I nearly always dive on the anchor after we drop to check we are set well, and I really like the shiny stainless steel finish of the Ultra, which makes it easier to spot when we are setting in weed bottoms.

Here’s a video of our Ultra in a sand bottom in Sargone Bay, Corsica. The anchor reset overnight after a 90 degree wind shift. You can also see our anchor roll in the video, which is a really handy little buoy that makes it easier to drive towards the anchor when raising it.


Our new North 3Di staysail arrived on Monday and the guys installed it on Tuesday. Another beautifully made sail from North, these guys really do produce a high quality product, not a single blemish, mark or defect, and it fits exactly on the boat.


New staysail hoisted, tying off the halyard at the mast


Tensioning the luff



Staysail clewboard


We installed a guide on the crossbeam to lead the gennaker furling line back to the winch


The aft end of the gennaker furling line leader (left of the clutches) that positions the line correctly on the winch. The larger clutch is for the gennaker tack line and the two small ones are for the staysail furling line. The gennaker tack line is long enough to allow us to pull the tack over to either of the bows. This lets us run deeper downwind angles using the Code-D or an asymmetric spinnaker.

The only thing left to do now is to rig a tensioner for the slack section of the furling lines to keep them running smoothly when furling and unfurling the sails.
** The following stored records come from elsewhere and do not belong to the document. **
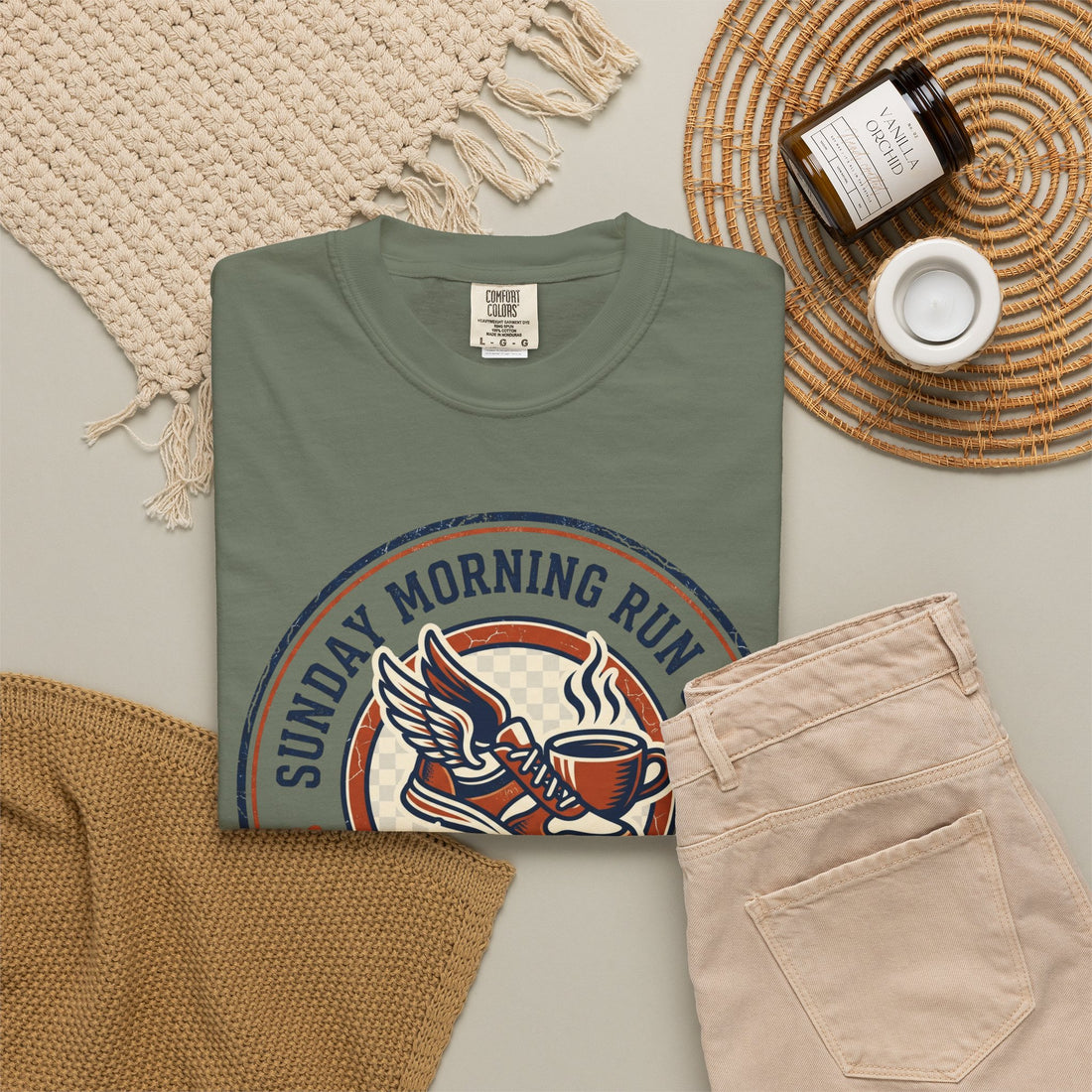 Personalized Sunday Morning Run Club T-Shirt | Custom Running Club Year | Comfort Colors | Coffee Runner Shirt | Running Group Gift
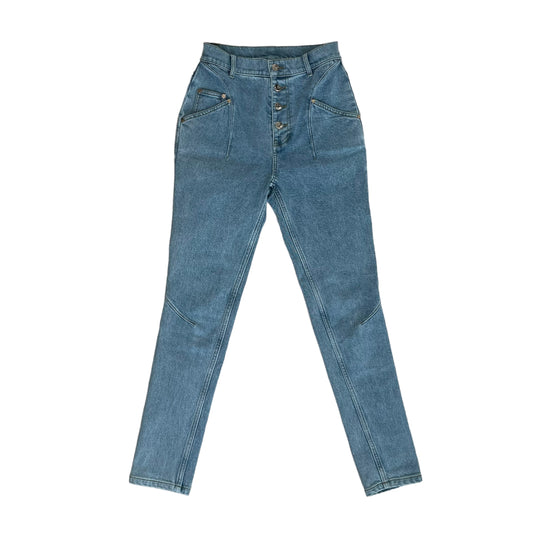 Light Wash Denim Jeans - 4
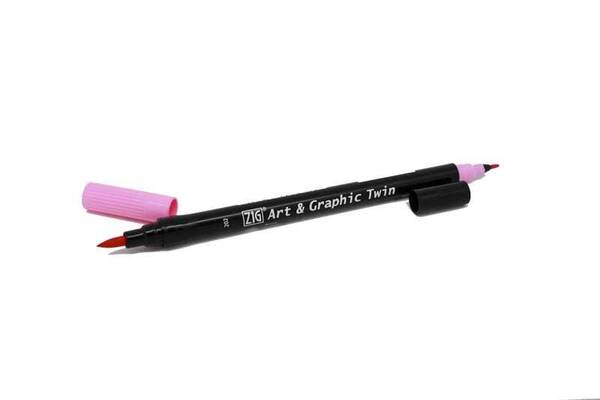 Zig Art&Graphic Twin Fırça Uçlu Marker TUT-80 202 Peach Pink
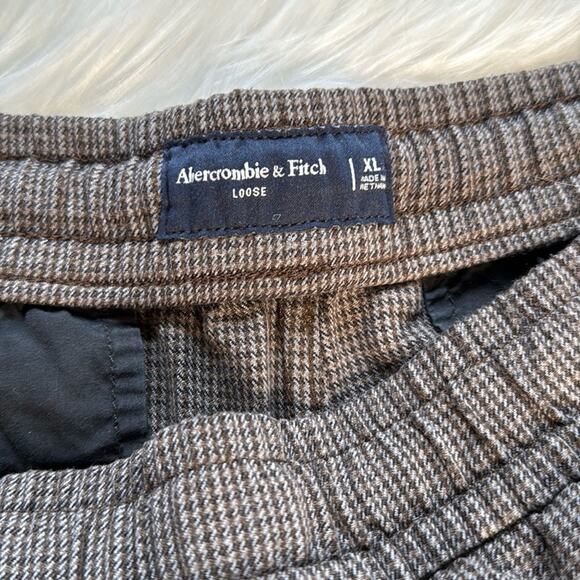 Abercrombie Houndstooth Loose Fit Pull On Pants - Picture 4 of 5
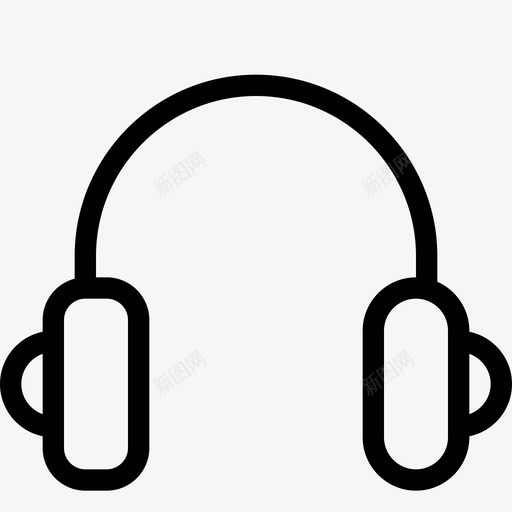 185069 - headset sound streamlinesvg_新图网 https://ixintu.com 185069 - headset sound streamline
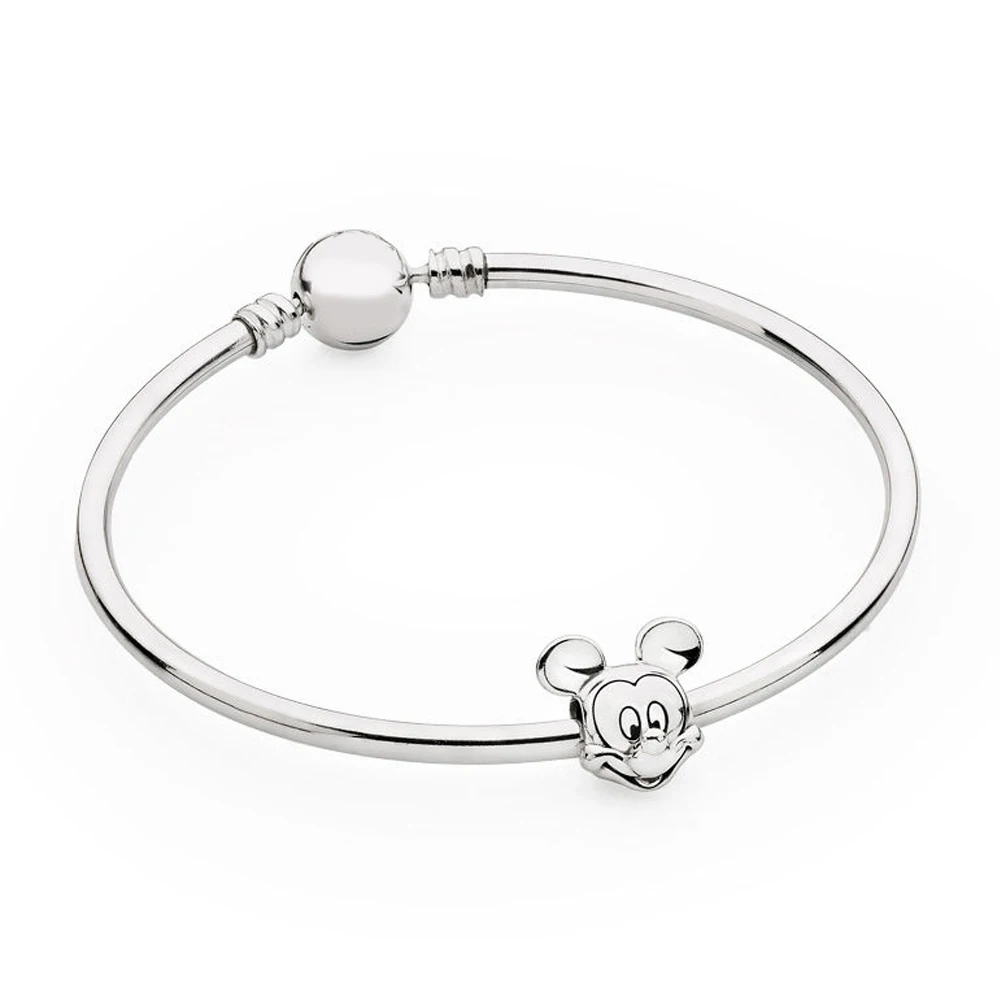 

NEW 100% 925 Sterling Silver Classic Cartoon Fairy Tale Bracelet Set Original Jewelry Charming Elegant Women Gift B800467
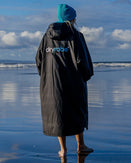 The Dryrobe Advance Long Sleeved in Black & Blue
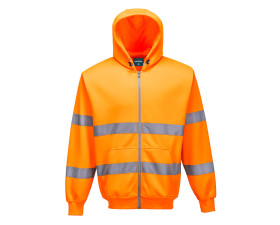 Hi-Vis zippzáros pulóver B305ORRXS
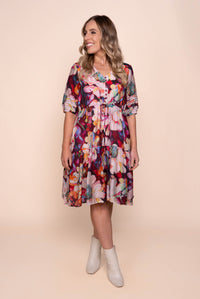 Raelynn Floral Dress in Multi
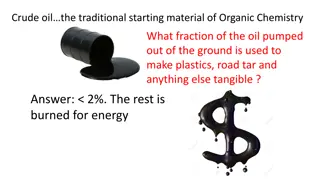 Role of Crude Oil in Organic Chemistry and Energy Production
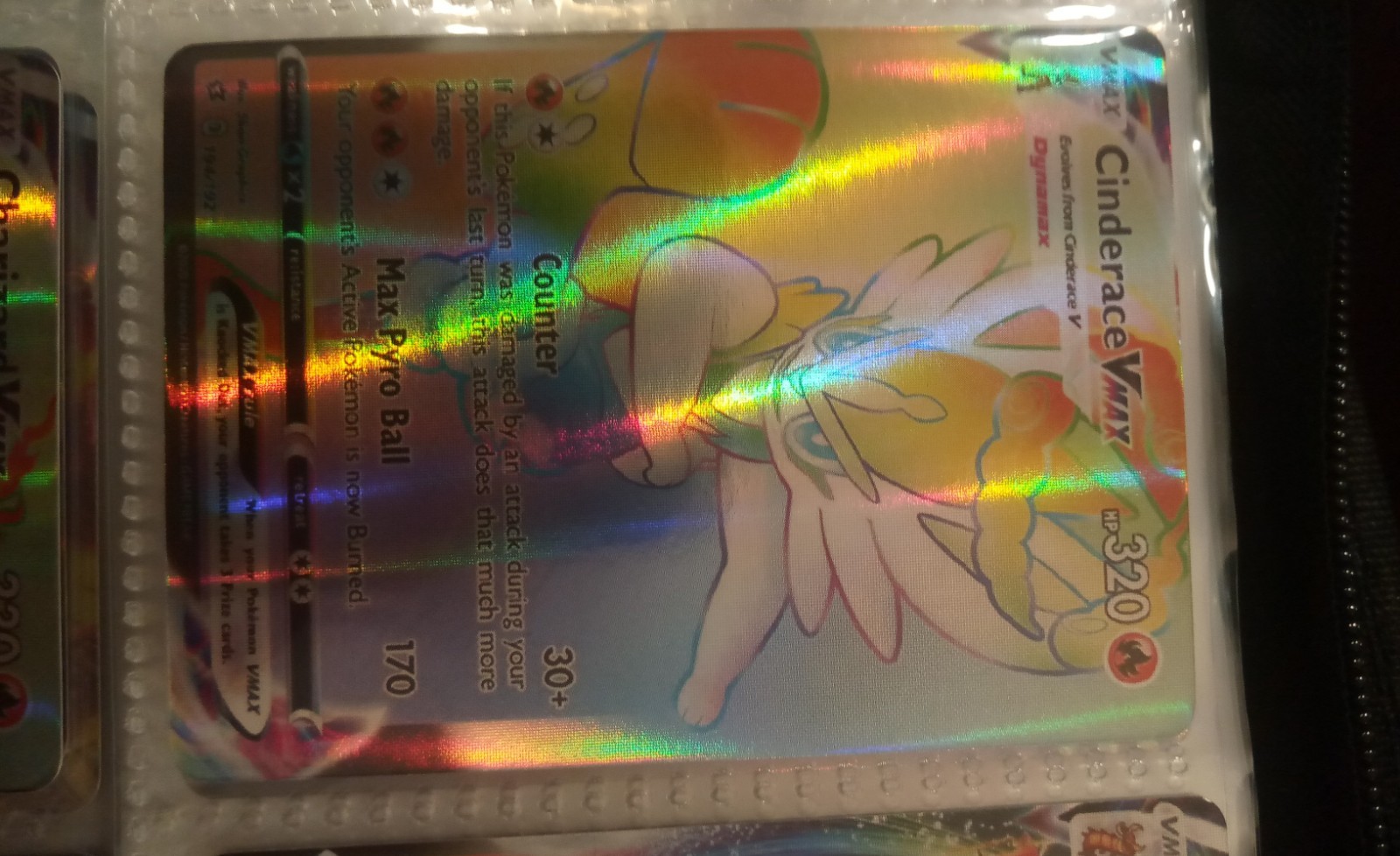 Pokémon TCG Pokémon Cinderace VMAX Secret Rare Holo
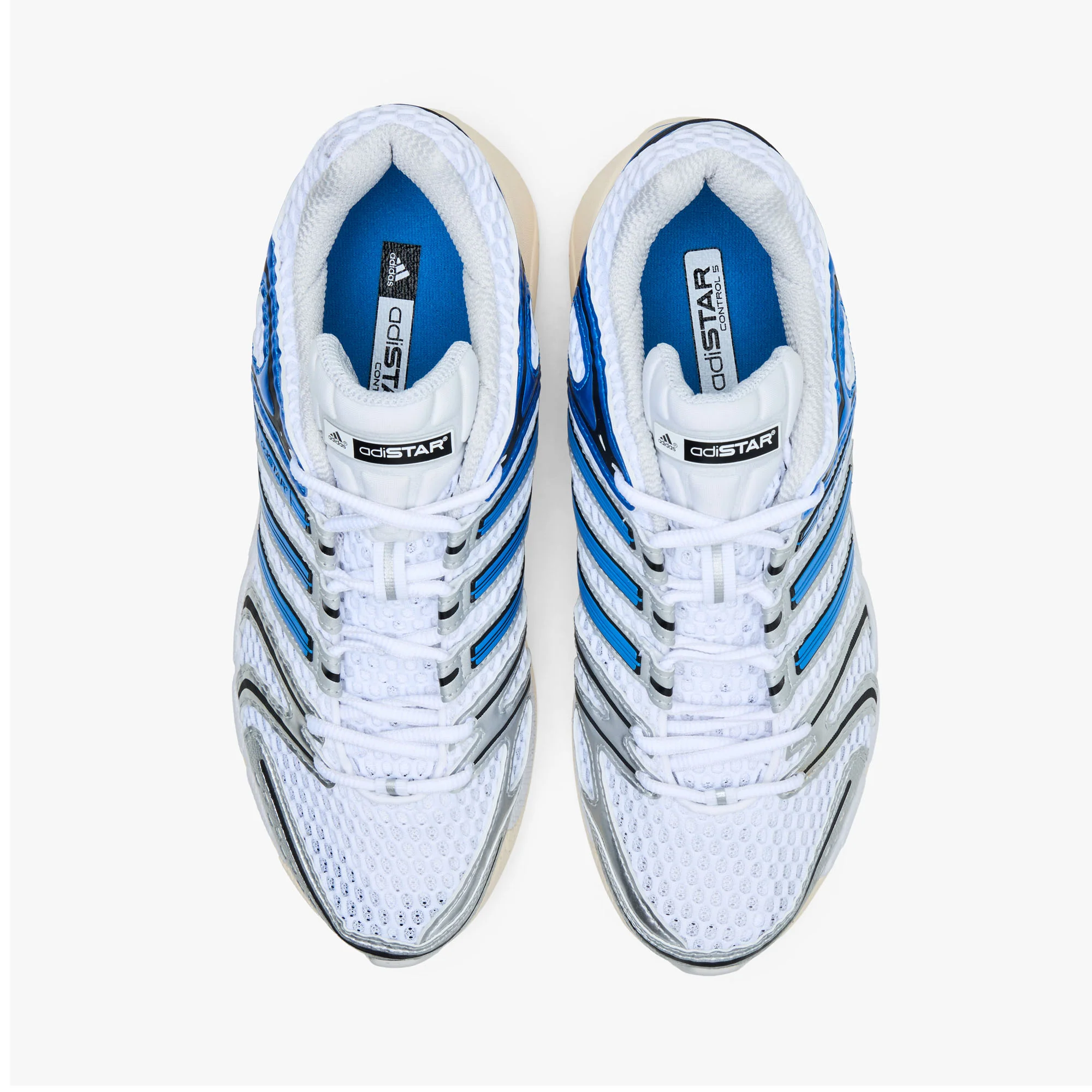 adidas Adistar Control 5 Ftwr White / Lucid Ray Blue - Dash - Image 4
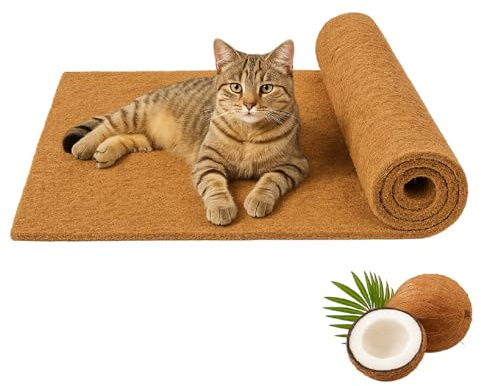 QLS Kokosmatta 100 x 50 cm kapbar brun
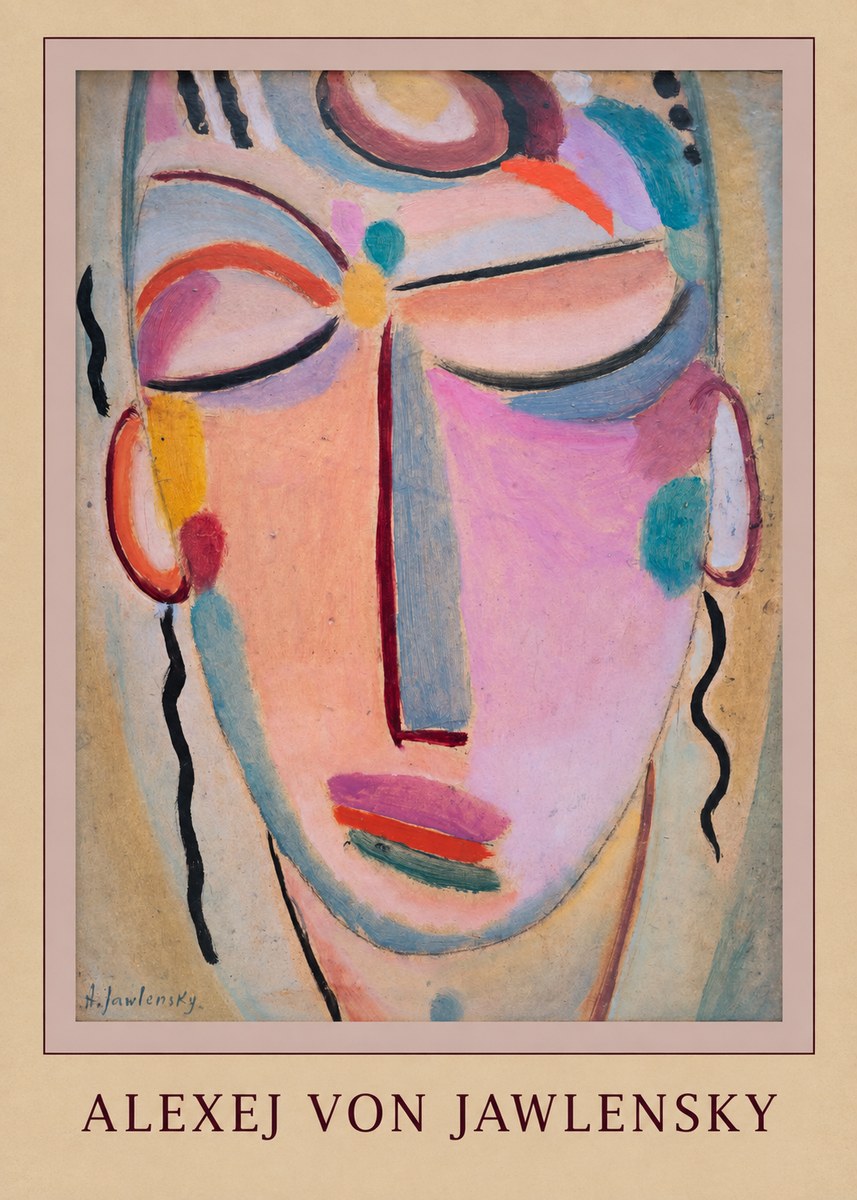 Alexej von Jawlensky Mystic Head No4 - Juliste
We will do that next week, then go for a test sail to make sure everything is working correctly!

Sailplan Project Feb 5th Update

We’re making good progress on the sailplan changes. All the winch and line handling changes are done now. Next steps are to install the stays and sails, and finish connecting the UpSide Up system.

The big news this month is that after 6 months of waiting, Incidences finally installed the broken batten fitting on the mainsail!